Speaker
Alessio Fumagalli, Politecnico di Milano
Abstract
We propose a new strategy for reduced order modeling of parametrized Darcy-type problems with linear constraints, such as mass conservation. While our approach employs standard neural network architectures within a supervised learning framework, it is specifically designed so that the resulting Reduced Order Model strictly satisfies the imposed constraints.
The key idea is to decompose the PDE solution into two parts: a particular solution that enforces the constraint, and a homogeneous component. The particular solution is efficiently constructed using a spanning tree algorithm, whereas the homogeneous component is represented by a potential function generated through a neural network and projected onto the kernel of the constraint operator. Within this framework, we introduce three variants of the method, ranging from Proper Orthogonal Decomposition (POD)-based empirical spaces to more abstract constructions grounded in differential complexes. Each variant combines computational efficiency with a clear mathematical foundation, thereby enhancing the interpretability of the model outputs.
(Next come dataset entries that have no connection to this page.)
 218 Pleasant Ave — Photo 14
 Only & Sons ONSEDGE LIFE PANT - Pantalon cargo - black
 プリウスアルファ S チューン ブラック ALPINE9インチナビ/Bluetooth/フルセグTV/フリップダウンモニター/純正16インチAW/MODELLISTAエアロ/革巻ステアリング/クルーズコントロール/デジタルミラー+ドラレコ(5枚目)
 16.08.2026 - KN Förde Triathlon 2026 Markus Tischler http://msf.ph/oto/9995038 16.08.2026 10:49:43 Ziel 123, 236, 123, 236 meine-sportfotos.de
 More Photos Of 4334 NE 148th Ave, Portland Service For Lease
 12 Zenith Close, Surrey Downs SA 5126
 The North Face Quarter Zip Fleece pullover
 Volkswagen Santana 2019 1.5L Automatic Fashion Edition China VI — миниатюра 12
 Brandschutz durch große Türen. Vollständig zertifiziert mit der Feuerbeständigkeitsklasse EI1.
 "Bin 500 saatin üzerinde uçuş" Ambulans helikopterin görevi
We validate the approach through a series of numerical experiments on flow in porous media, including mixed-dimensional and nonlinear problems, highlighting its advantages over conventional black-box methods. This work lays the foundation for further developments in model order reduction, with potential impact across computational geosciences and related fields. X Finally, we extend the same principles to linear elasticity, providing a framework to approximate stress, displacement, and rotation fields while guaranteeing conservation of linear and angular momentum.